4: Show clothing to avoid over-relying on telling
Clothing description in a story is useful because it often gives additional information about a character that you might otherwise tell. For example, if a character is going on a date, you could write:

'Gem wanted to look sexy for her date downtown (but not easy), so she changed into more comfortable clothes.'

However, you can show and imply a character's intention without spelling it out:

'They'd agreed to meet downtown at 6. At a quarter to 6 Gem pulled off the low-cut top Emma had wolf-whistled and clapped at when they'd met for their usual weekend catch-up. 'Make them earn any sight of skin,' Aunt P always said. Jeans and a tee it was.'

Why this arguably works better is the details of getting dressed tell us multiple details about Gem. The last minute change suggests an indecisive nature. We see the contrast between the character's friend's reaction and the advisory words of Gem's aunt. The fact Gem goes with jeans and a tee could suggest that she trusts her aunt's advice, or else feels shamed by her Aunt and compelled to be 'good'. There is simply more characterization, not only of Gem but the other example characters.

5: Change characters' clothing to highlight character development
Changes in characters' clothing can help reveal character development. In Dostoyevsky's Crime and Punishment, the poor, Tuberculosis-stricken Katerina Ivanovna's husband is trampled to death by a horse-drawn cart. The novel's protagonist Raskolnikov gives Katerina the last of his money to host a funeral. Dostoyevsky describes how Katerina's landlady, Amalia Ivanovna, dresses for the funeral:

'...the table was properly laid at the time and fixed, and Amalia Ivanovna, feeling she had done her work well, had put on a black silk dress and a cap with new mourning ribbons and met the returning party with some pride. This pride, though justifiable, displeased Katerina Ivanovna for some reason.' (p. 340)

Katerina is affronted by Amalia's fine dress because it is 'new' and shows 'pride'. Impoverished with children to care for, she uses her last money to give her husband a dignified funeral. Amalia's dress thus comes across as insensitive to her; malicious even. The landlady's dress highlights, by contrast, the downward spiral of Katerina's fortunes, and she responds to the landlady's prideful clothing with her own wounded pride:

'Look at her, she's making round eyes, she feels that we are talking about her and can't understand. Pfoo, the owl! Ha-ha! (Cough-cough-cough.) And what does she put that cap on for? ... Look how she sits with her mouth open! An owl, a real owl! An owl in new ribbons, ha-ha-ha!' (p. 343)

Embarrassed by her own inability to dress in finery for the occasion (and by being upstaged), Katerina resorts to scathing mockery of Amalia.

Like Dostoyevsky, think how something as small as a character's change of clothing can affect their own or others' behaviour.

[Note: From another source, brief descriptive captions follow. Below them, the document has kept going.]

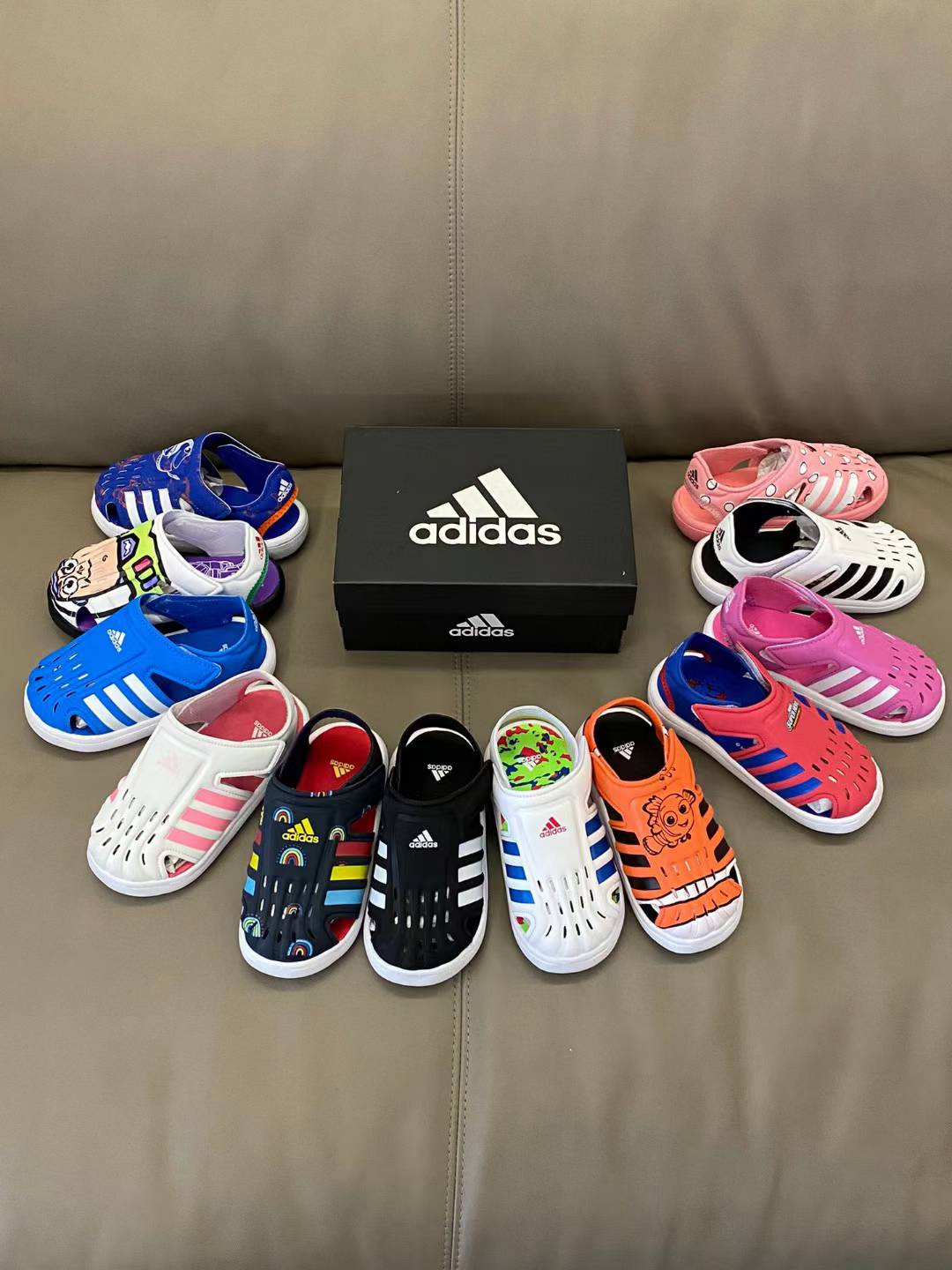 图片[2]-AD 小海马三代儿童凉鞋，科技束干鞋面保持足部干爽👻EVA泡棉大底柔软防滑，双侧魔术贴穿脱超方便✅夏日出游玩不可缺的的运动凉鞋😍-选品中心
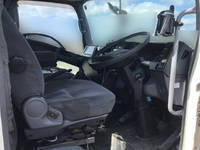 いすゞフォワードアルミウイング中型（4t）[写真21]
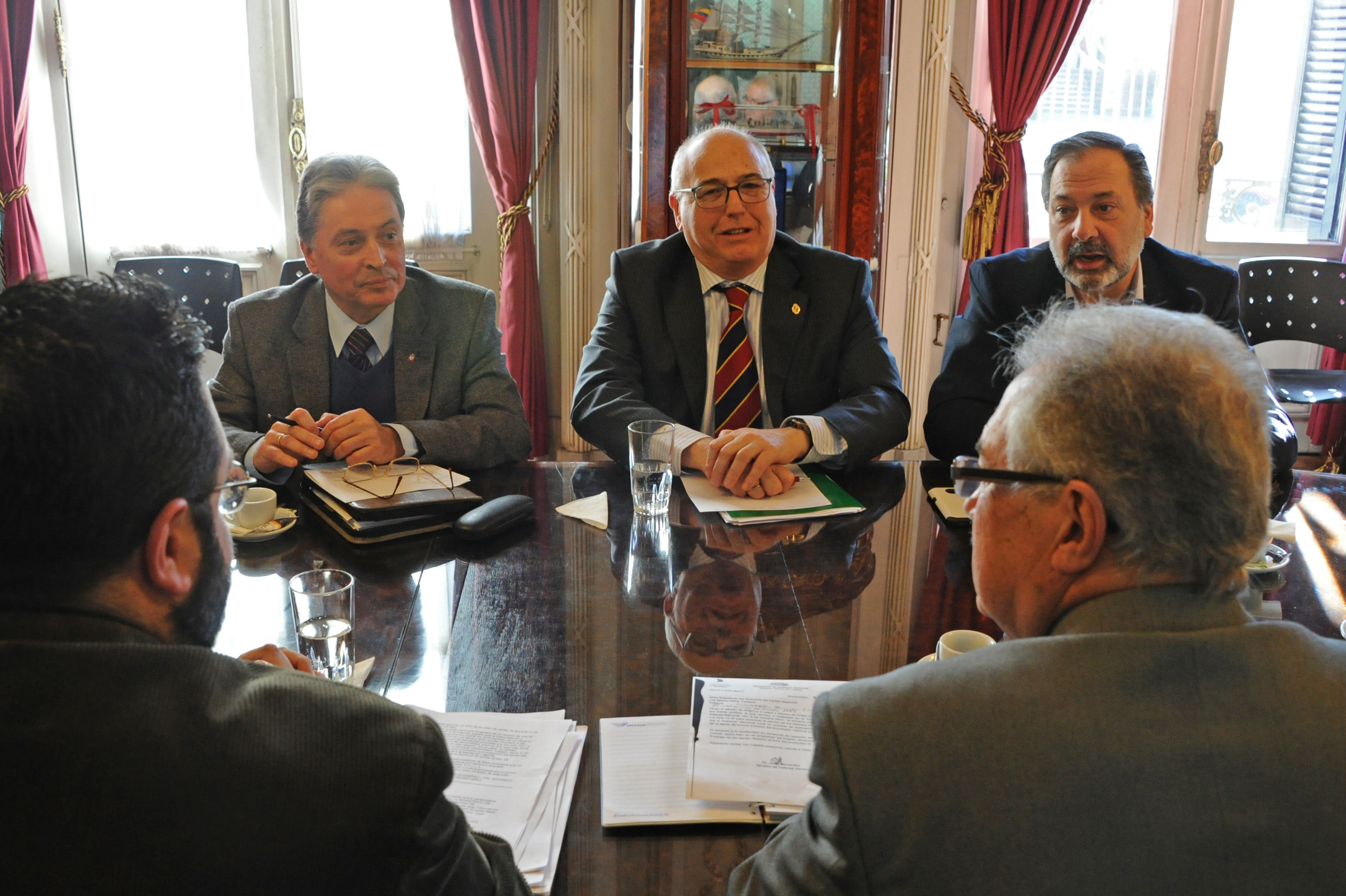 Reunión de autoridades del Ministerio de Defensa Nacional con representantes de los partidos políticos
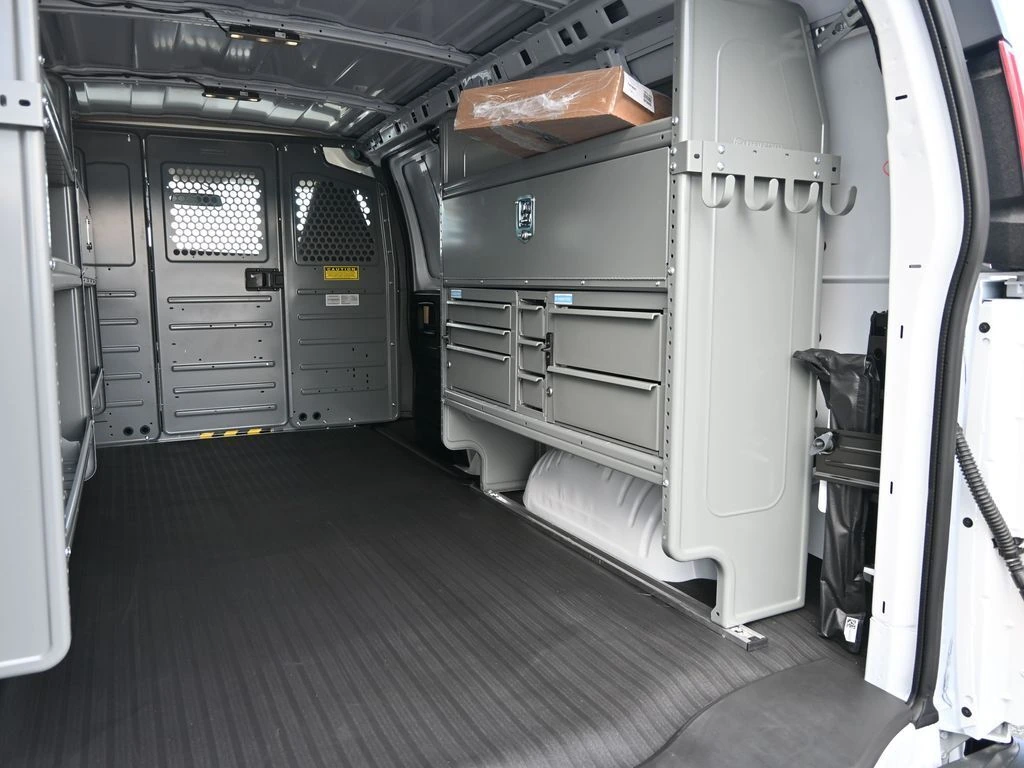 2025 GMC Savana Cargo Work Van - Photo 12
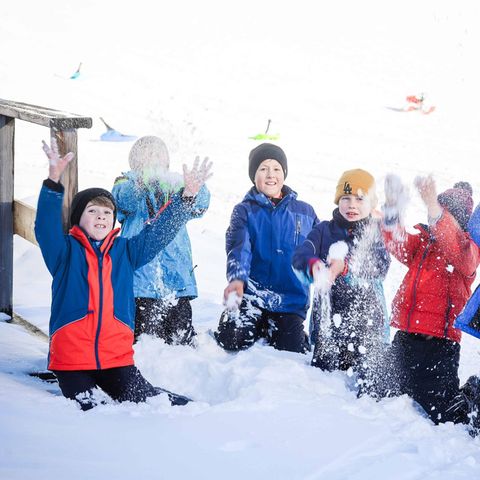 Kinder im Schnee: Will man in einer von Krisen geplagten Welt noch Kinder bekommen?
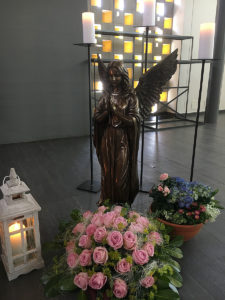 Engel mit Blumenschmuck in Kapelle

David Foster Wallace on significance of clothing

6: Use clothing details to recreate authentic setting
Another important function of clothing description in stories is to create an authentic sense of time and place. Particularly in genres such as historical fiction and fantasy, clothing can help to create other worlds (or a long gone era of our own).

Here, for example, Hilary Mantel describes a Cardinal's residence being plundered by the King's men in 1529 England, in her historical novel Wolf Hall (2009). Mantel describes the cardinal's vestments:

'They bring out the cardinal's vestments, his copes. Stiff with embroidery, strewn with pearls, encrusted with gemstones, they seem to stand by themselves.' (p. 49)

Mantel creates a vivid sense of the wealth that the church amassed in these times. The fact the clothes 'seem to stand by themselves' indicates just how heavy they are with jewels and embroidery.

The details create an authentic sense of a prominent cardinal's dress in the 1500s. Elsewhere, Mantel's novel is full of descriptions of garments for specific, era-appropriate purposes: Riding cloaks, town coats, and other clothing people of means would have worn at this time.

Similarly, find out (or, if you're creating a fantasy world, create) the garments your characters would wear in a particular time and place, for a particular purpose. Describe these in passing to add visual colour and authenticity to your character descriptions.